What to work on
Write back every entry exactly as it reads, with the pictures left behind.
= = = = = = =
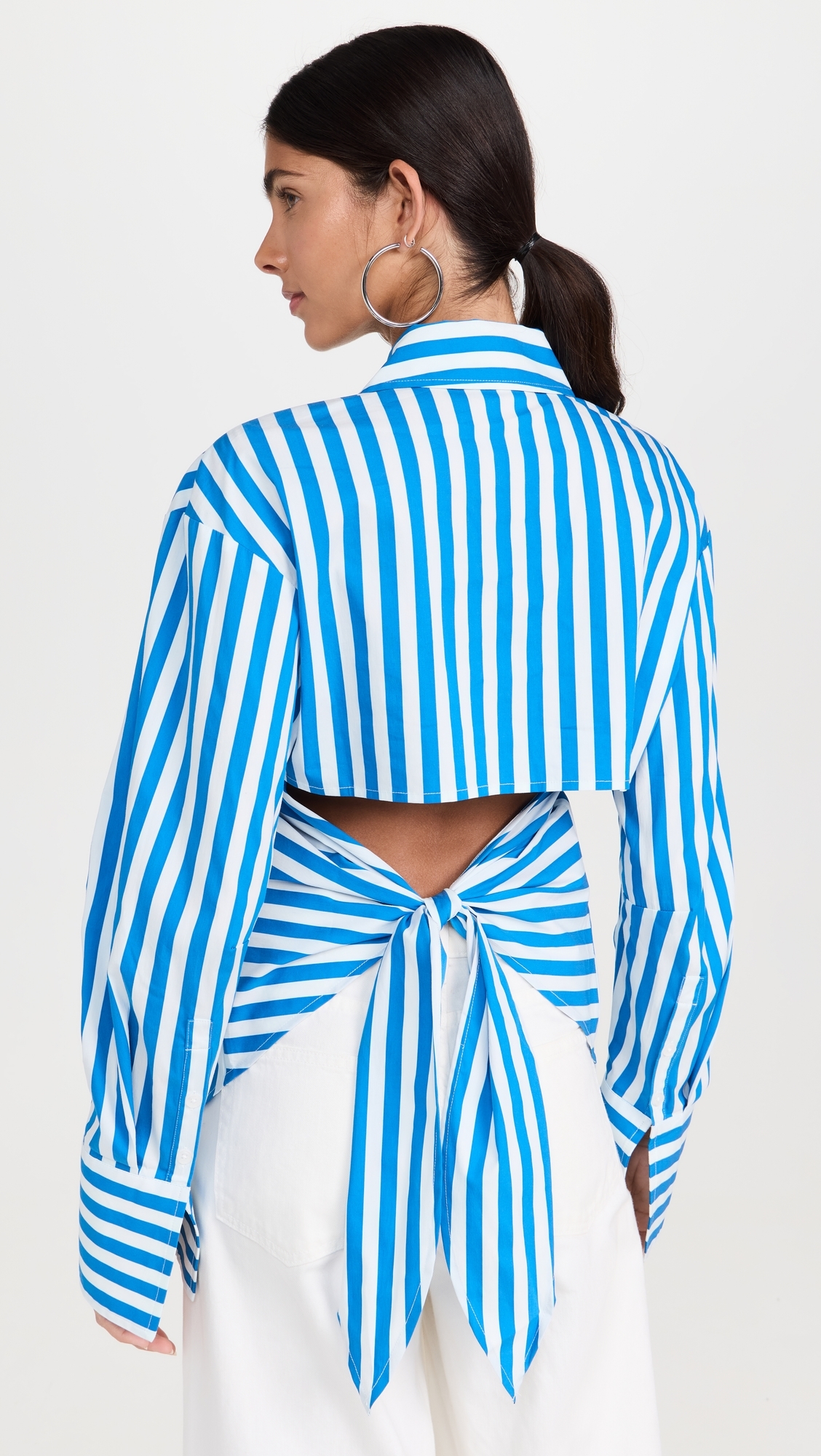 Loch Striped Poplin Button Up Top Blue Stripe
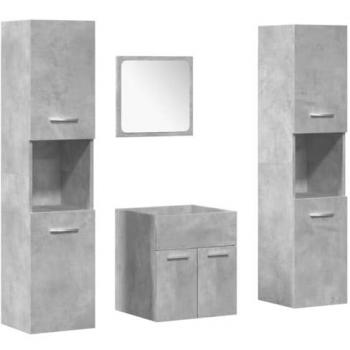 Conjuntos de muebles de baño 4 piezas de hormigón de madera gris multicapa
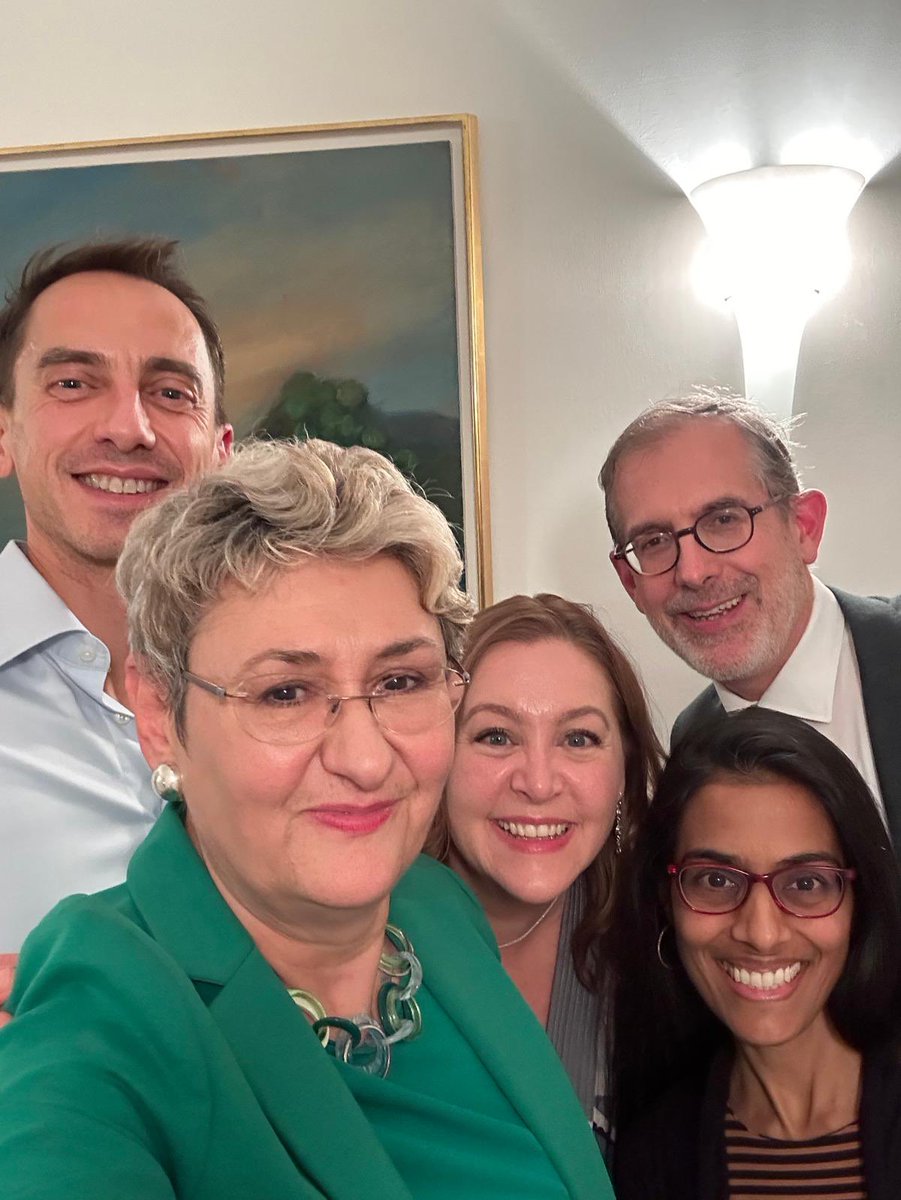 AndreasvBrandt's tweet photo. @jensstoltenberg @NATO former #DDPOs + @LungescuOana reunion in #Rome. Lots of talk about common issues, ie. #food, #security, #preparedness, #resilience, #Russia , #China, “one for all, all for one” + friendship @meszikrisztian @emjfrost Thanks @VillaMassimoRom @germany_un_rome https://t.co/QTjrAYvgvy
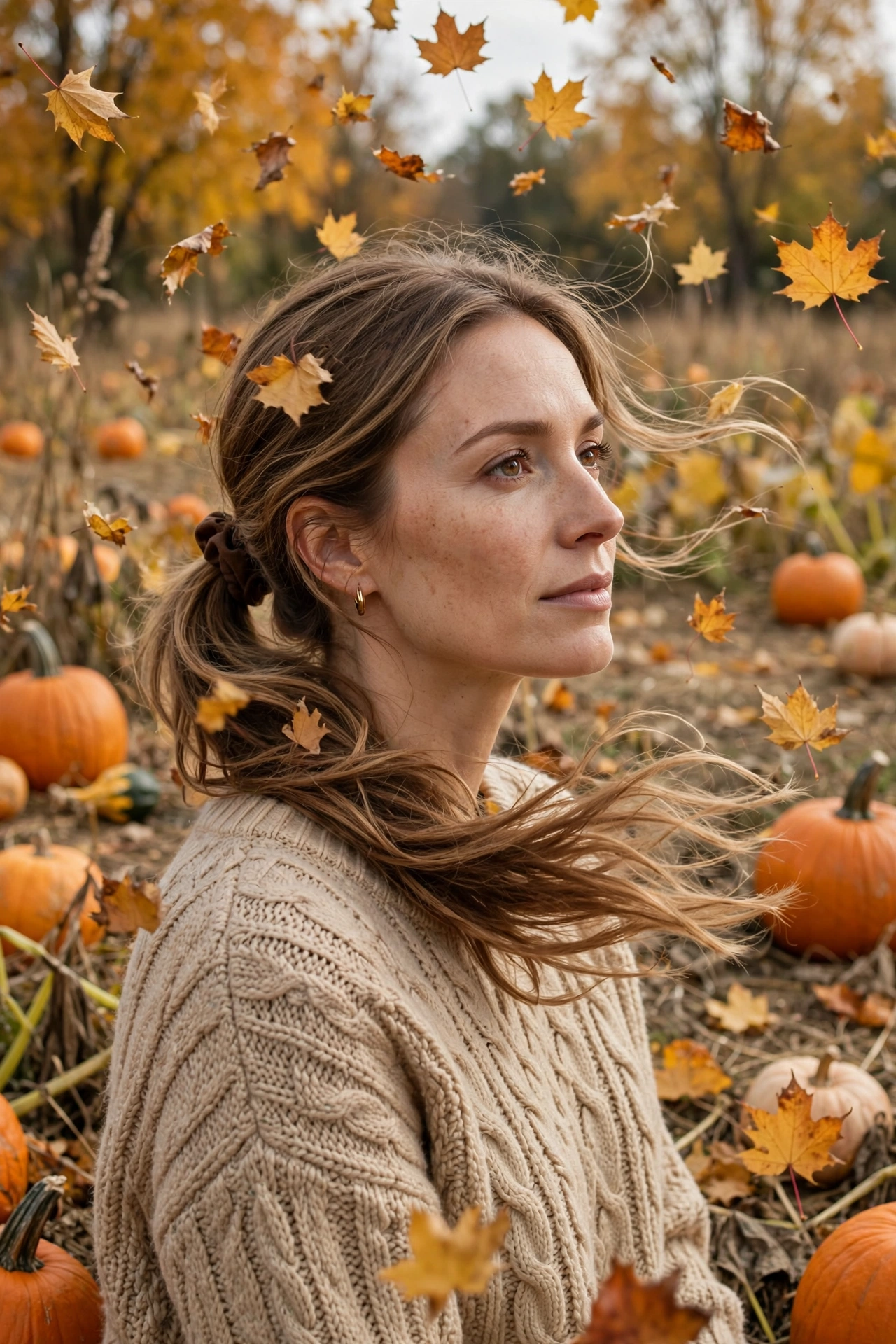 Falling Leaves Low Pony hairstyle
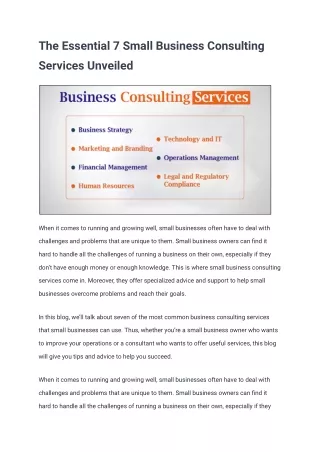 The Essential Small Business Consulting Services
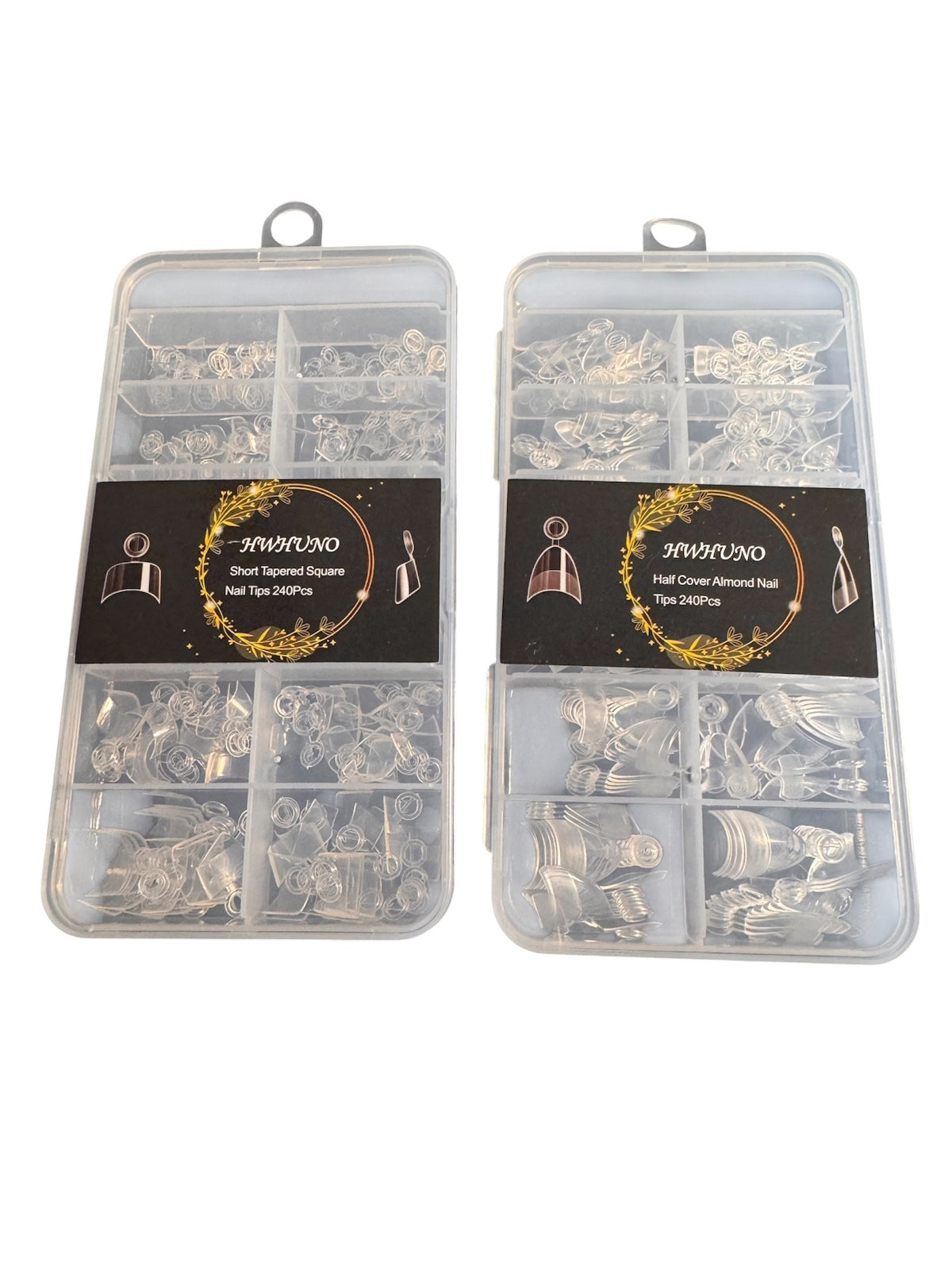 1127 New HWHUNO 480Pcs Extra Short Half Cover Almond & Tapered Square Nail Tips A0001127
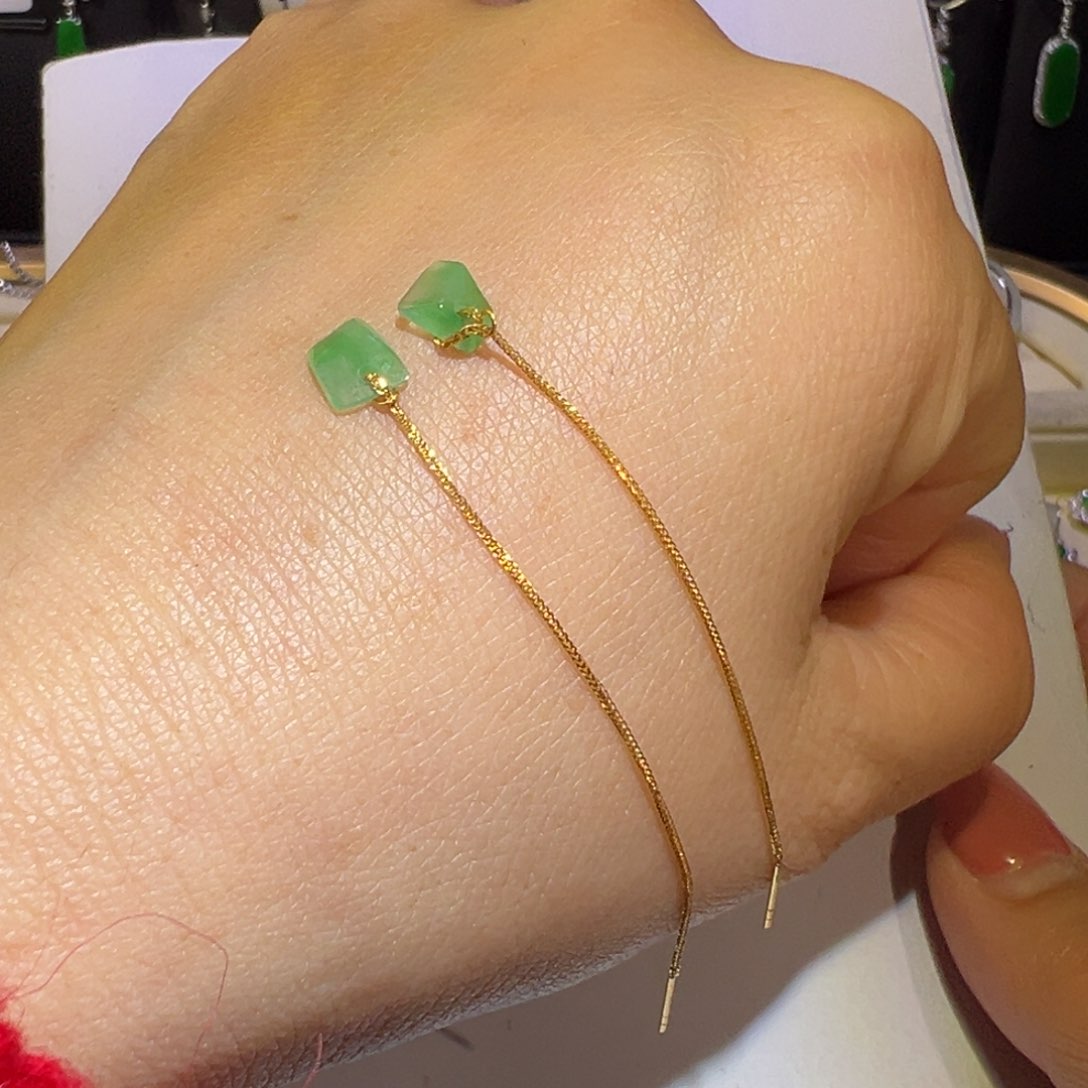 翡翠颈饰18K金镶嵌耳环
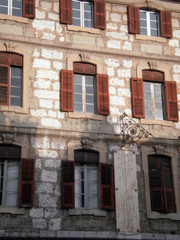 Chambéry, France - December 8th 2012 : facade of a typical old building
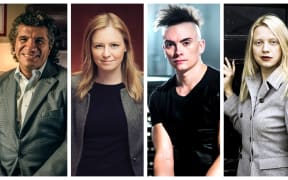 From left, Conductor Giancarlo Guerrero, Conductor Gemma New, Organist Cameron Carpenter, Pianist Valentina Lisitsa
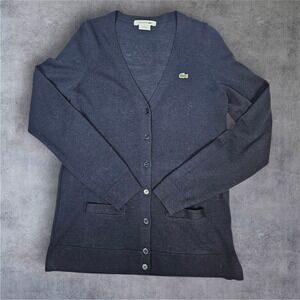 Lacoste Merino Wool Cardigan Navy Blue V-Neck Button Front Pockets Women 34 A55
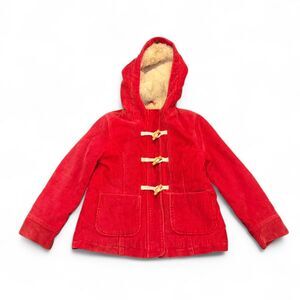 Mini Boden Kids Red Corduroy Hooded Coat Jacket Toggle Closure Sherpa Lined 7-8Y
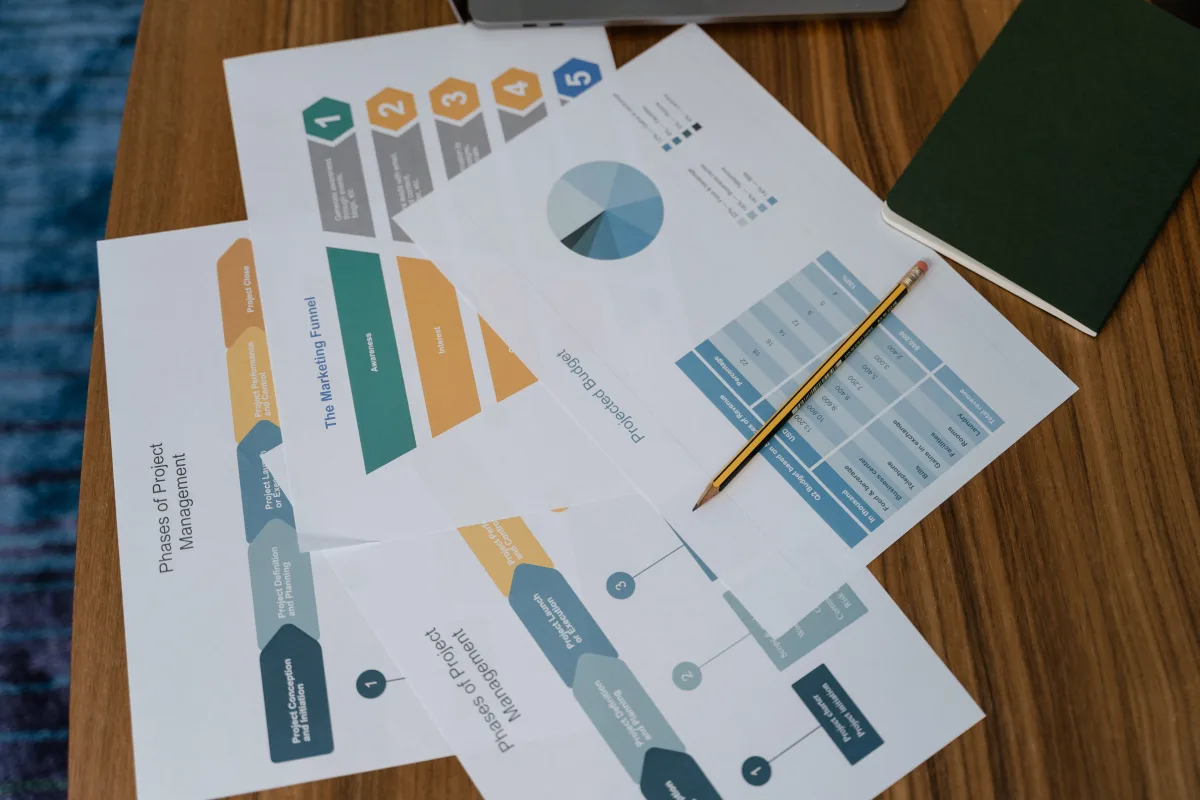 Overhead view of project management documents and charts on a desk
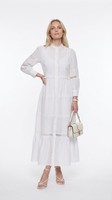 Sandro Kleid Ecru Spitze Leinen Gr. 38 FR Damen SFPRO02902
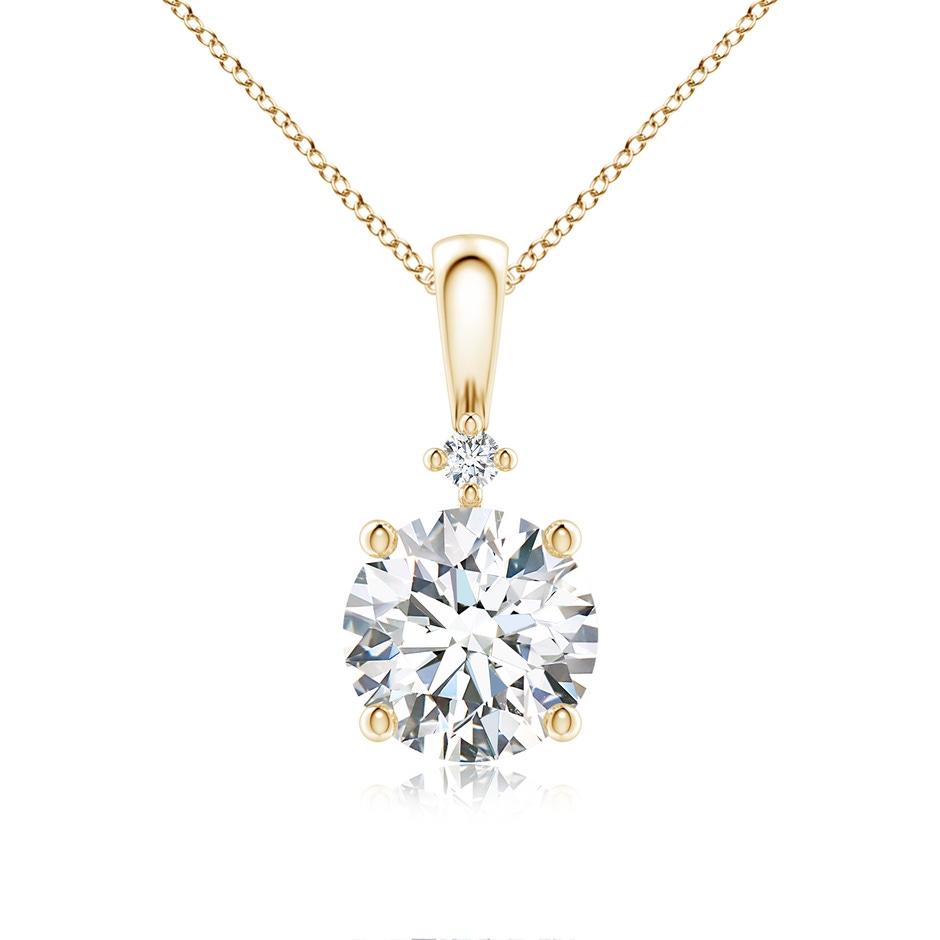 7.4mm FGVS Lab-Grown Round Diamond Solitaire Pendant in Yellow Gold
= = = = = = =
Solution to this task
 Loch Striped Poplin Button Up Top Blue Stripe
 Conjuntos de muebles de baño 4 piezas de hormigón de madera gris multicapa
 AndreasvBrandt's tweet photo. @jensstoltenberg @NATO former #DDPOs + @LungescuOana reunion in #Rome. Lots of talk about common issues, ie. #food, #security, #preparedness, #resilience, #Russia , #China, “one for all, all for one” + friendship @meszikrisztian @emjfrost Thanks @VillaMassimoRom @germany_un_rome https://t.co/QTjrAYvgvy
 Falling Leaves Low Pony hairstyle
 The Essential Small Business Consulting Services
 1127 New HWHUNO 480Pcs Extra Short Half Cover Almond & Tapered Square Nail Tips A0001127
 翡翠颈饰18K金镶嵌耳环
 Chambéry, France - December 8th 2012 : facade of a typical old building
 From left, Conductor Giancarlo Guerrero, Conductor Gemma New, Organist Cameron Carpenter, Pianist Valentina Lisitsa
 Lacoste Merino Wool Cardigan Navy Blue V-Neck Button Front Pockets Women 34 A55
 Mini Boden Kids Red Corduroy Hooded Coat Jacket Toggle Closure Sherpa Lined 7-8Y
 Overhead view of project management documents and charts on a desk
 Sandro Kleid Ecru Spitze Leinen Gr. 38 FR Damen SFPRO02902
 7.4mm FGVS Lab-Grown Round Diamond Solitaire Pendant in Yellow Gold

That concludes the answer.